Where Do Bonds Fit in Your Investment Plan?
There's no simple answer to whether you should own bonds.
March 20, 2014 -- Conventional financial wisdom holds that bonds are an essential part of any portfolio. But while bonds can play an important role of adding security, whether to include them – and if so, at what level – isn’t an automatic decision.
Current economic conditions don’t favor making many types of bond investments. But even for the long term – in good economies and bad – determining asset allocation to bonds is a complex undertaking that varies with the individual. You should start by asking a critical question that should apply to every component of your portfolio: What role do you expect bonds to play and why? To answer that question, you must understand the risks, advantages and dynamics of bonds and the different types of bonds and bond products accessible by most investors.
The right bond investments can play the important role of capital preservation and risk management for investors, including many women who, as a gender, tend to have a lower risk tolerance than men. This tendency has served women well because, studies show, they tend to make fewer investing errors than men.

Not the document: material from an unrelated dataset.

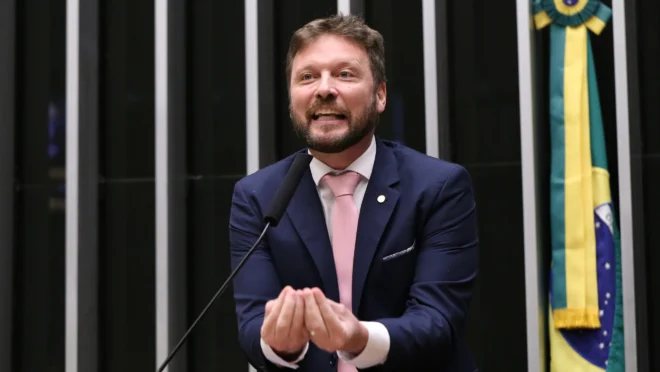 Kayo Magalhães na Câmara dos Deputados durante votação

Yet, the notion that all women or men should necessarily have a substantial part of their portfolios in bonds stems from the myth of the average investor — a plain-vanilla, typical investor. In my practice, I’ve never met that investor. Each investor is different, so it doesn’t make sense to average their characteristics together and come up with a one-size-fits-all recommendation that actually applies to few people.
For example, I have a middle-age client who chooses not to own bonds and instead owns an otherwise diversified portfolio that includes stocks and alternative investments (natural resources, real estate and international stocks). I support his decision because this suits his situation. He can do without bonds because his substantial “bond-like” income is secure and he has ample cash reserves to protect him from damage due to severe dips in the stock market. He also has a high risk tolerance. I wouldn’t recommend a bondless portfolio to people with shorter time horizons, insecure income, lower cash reserves or a lower risk tolerance.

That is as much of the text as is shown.